Based on whether a deceased individual created a will, a Texas probate court judge may have a significant role in distributing his or her assets. As noted by SmartAsset, if you die with a will, the probate court judge has responsibility for proving its validity and discovering any objections.
With a valid will, your named executor submits it to probate to wrap up your affairs, which includes opening an estate bank account. The judge generally authorizes assets for distribution and identifies the heirs or beneficiaries listed in your will. If no party contests the will, the judge reviews it and signs an executor’s orders to settle the estate.
Presiding over a will dispute
If heirs contest a will, the judge’s role becomes substantial and demanding. The judge must review the evidence and listen to arguments concerning why an asset should not transfer to a will’s listed beneficiary.
Disputes may include subpoenas, motions and court hearings. They may require a significant amount of time and evidence to enable the judge to determine an outcome. A judge has the authority to settle the disagreement and issue a final ruling or opinion.
Distributing property without a will
As noted by Chron.com, dying without a will grants the judge permission to distribute property according to the Lone Star State’s intestate succession rules.
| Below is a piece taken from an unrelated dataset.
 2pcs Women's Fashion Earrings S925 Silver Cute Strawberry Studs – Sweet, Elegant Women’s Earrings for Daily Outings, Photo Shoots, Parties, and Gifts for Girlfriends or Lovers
The judge may also appoint an administrator to assist the court in settling the deceased’s financial affairs. This typically includes paying debts and taxes.
The Texas Estates Code requires the probate judge to transfer ownership of an intestate deceased’s property in a particular order. Under Section 201.001, the assets of an individual who dies without a surviving spouse pass on to his or her surviving children. By creating a will, however, you may provide instructions to settle your estate quickly and according to your wishes.